ARTIGO

Escravidão e liberdade

Por André Salum |
| Tempo de leitura: 3 min

Durante milênios, grupos humanos se sucederam na busca de dominação, escravizando povos e submetendo aqueles que eram vencidos nas guerras fratricidas ao seu domínio transitório, considerando-se conquistadores, na ignorância das soberanas leis que regem todos os fenômenos da vida.

Nesse vasto processo histórico, a abolição da escravidão certamente foi um marco significativo no progresso da humanidade, embora ainda perdurem, em diversos pontos do planeta, condições análogas à escravidão e outras formas de dominação e exploração humana.

Apesar de não mais vivermos sob regime escravocrata, de um ponto de vista social pode-se dizer que estamos longe de experimentar mais ampla liberdade, pois aquelas pessoas, comunidades e povos que não detêm o mínimo de bens e condições necessários para uma vida digna, lutando arduamente pela sobrevivência, não podem ser considerados livres.

Sob uma perspectiva psicológica, muitas vezes nos iludimos com nossa pretensa liberdade, quando emocional e mentalmente nos prendemos de inúmeros modos. Na nossa vida interior tanto quanto nos relacionamentos existem escravidões sutis, cárceres invisíveis, algemas emocionais e grilhões mentais, dos quais normalmente não nos apercebemos. Além disso, a própria condição humana nos impõe inúmeras limitações e barreiras ao pleno exercício da liberdade.

Iludidos e dominados pelo ego, quando afirmamos nossa liberdade para fazer o que bem quisermos, estamos, na grande maioria das vezes, dizendo que queremos atender aos nossos impulsos ainda não educados, saciar nossos desejos egocêntricos, satisfazer nossas ambições e caprichos. Essa pseudoliberdade também se evidencia na reprodução de condicionamentos e padrões de comportamento aos quais ainda estamos subjugados.
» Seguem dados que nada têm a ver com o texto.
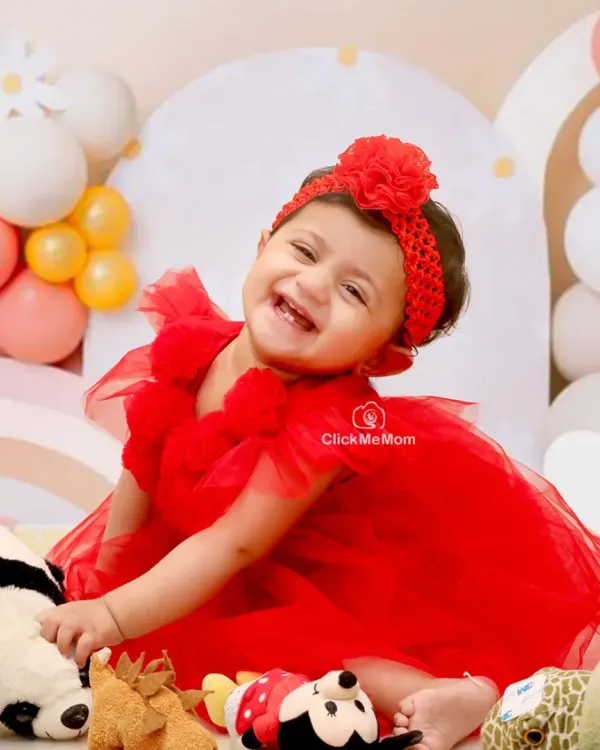 This is the kind of pure, unfiltered joy I aim to capture in every session. This little one's radiant smile in her vibrant red dress is a perfect memory of her milestone celebration.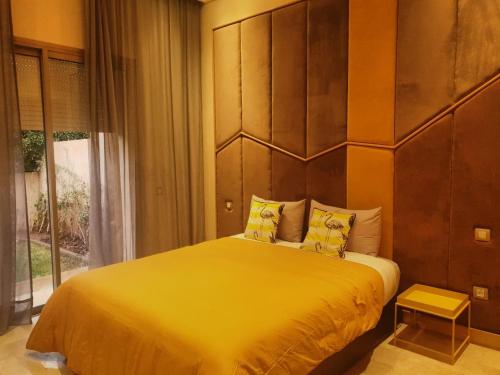 a bedroom with a large yellow bed and a window at vacances luxe in Marrakesh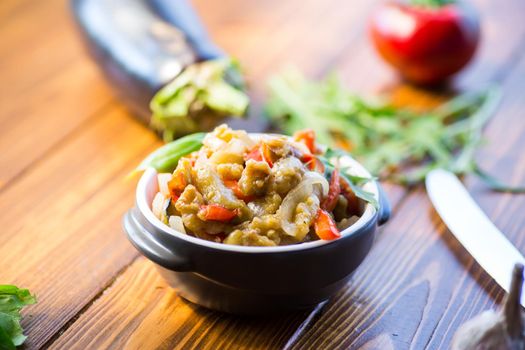 eggplant fried sauteed with other vegetables in a plate on a wooden table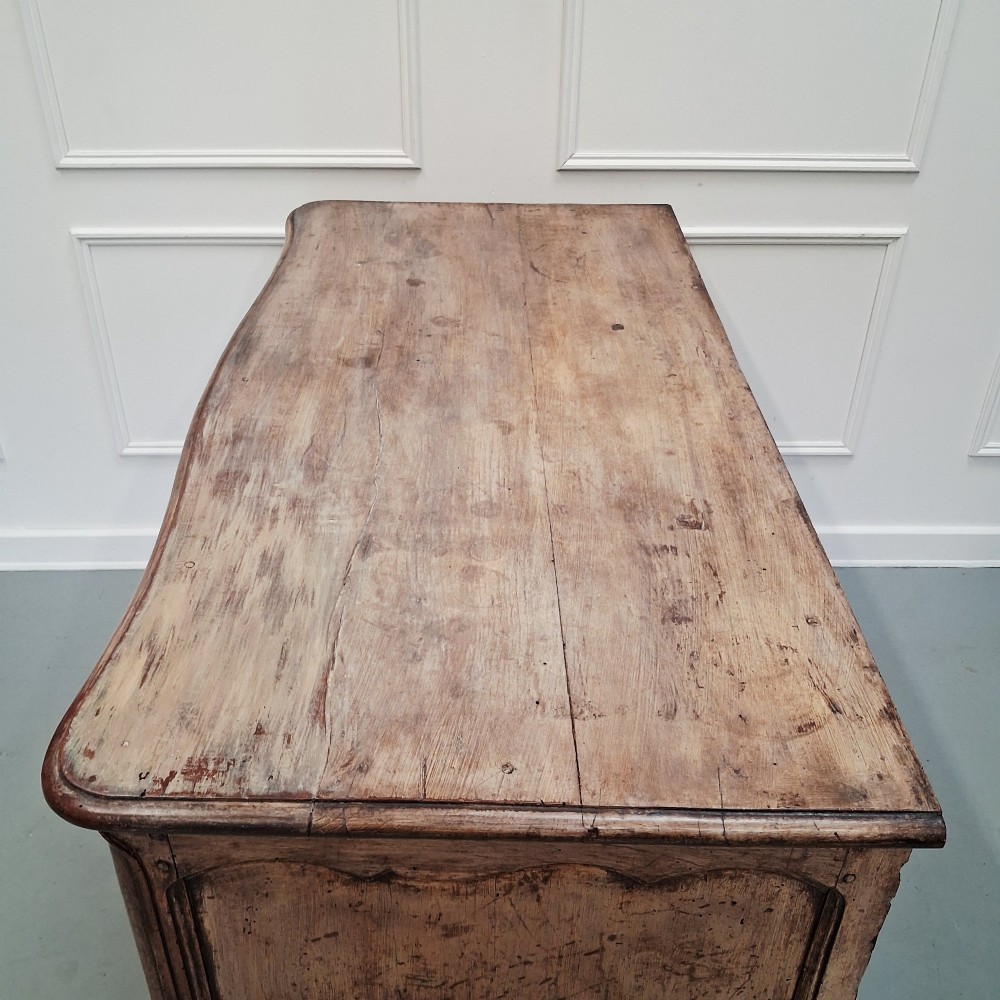 An antique French oak commode featuring two wide drawers with carved moulded panel details, brass drop handles, a scalloped lower apron, and short cabriole feet. View XI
Não seriam mais livres as pessoas capazes de expressar as verdades que já compreendem, que são menos reféns da opinião alheia, das convenções sociais e dos modismos? Aquelas que não dependem dos aplausos nem receiam as críticas que possam lhes ser endereçadas? Que permitem o fluir da vida e do amor através de si mesmas? Liberdade pressupõe a capacidade de expressar a essência que se é na existência em que se está, permitindo que a vida, em sua infinita capacidade de renovação, se manifeste a cada instante e situação, criando e recriando, iluminando e harmonizando tudo.
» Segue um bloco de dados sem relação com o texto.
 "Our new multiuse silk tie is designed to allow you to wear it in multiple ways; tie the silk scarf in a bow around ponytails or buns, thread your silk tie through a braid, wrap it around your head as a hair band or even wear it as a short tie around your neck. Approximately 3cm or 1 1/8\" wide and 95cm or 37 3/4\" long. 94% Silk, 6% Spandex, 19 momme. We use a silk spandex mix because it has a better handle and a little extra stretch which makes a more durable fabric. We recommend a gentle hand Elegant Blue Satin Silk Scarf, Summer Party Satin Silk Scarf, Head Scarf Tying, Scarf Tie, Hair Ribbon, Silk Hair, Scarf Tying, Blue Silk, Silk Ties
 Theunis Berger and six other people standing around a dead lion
Quando se reflete sobre libertação, cabe considerar o papel das religiões e da espiritualidade nesse processo. Revelações e instruções espirituais podem – como frequentemente ocorre – ser distorcidas e usadas com finalidade opressora, condicionante, como meio de controlar e explorar indivíduos ingênuos e crédulos, cerceando-lhes o desenvolvimento, a autonomia e a liberdade. Por outro lado, as preciosas revelações de caráter espiritual que têm sido ofertadas ao mundo ao longo da história, se corretamente consideradas e vividas, tornam-se valiosas oportunidades de se trilhar um caminho de libertação, rumo a uma vida cada vez mais plena e feliz. Ao permitirem, orientarem e facilitarem a expressão do genuíno anseio da alma pela transcendência e felicidade, convertem-se em luz e roteiro, sem os quais a jornada humana torna-se labirinto repleto de armadilhas e perigos, dificuldades e sofrimentos. Uma verdadeira busca espiritual que preencha de sentido a existência, é, portanto,  imperativa ao ser humano, como a busca de água pela pessoa sedenta, busca essa que é intrínseca e essencialmente libertadora.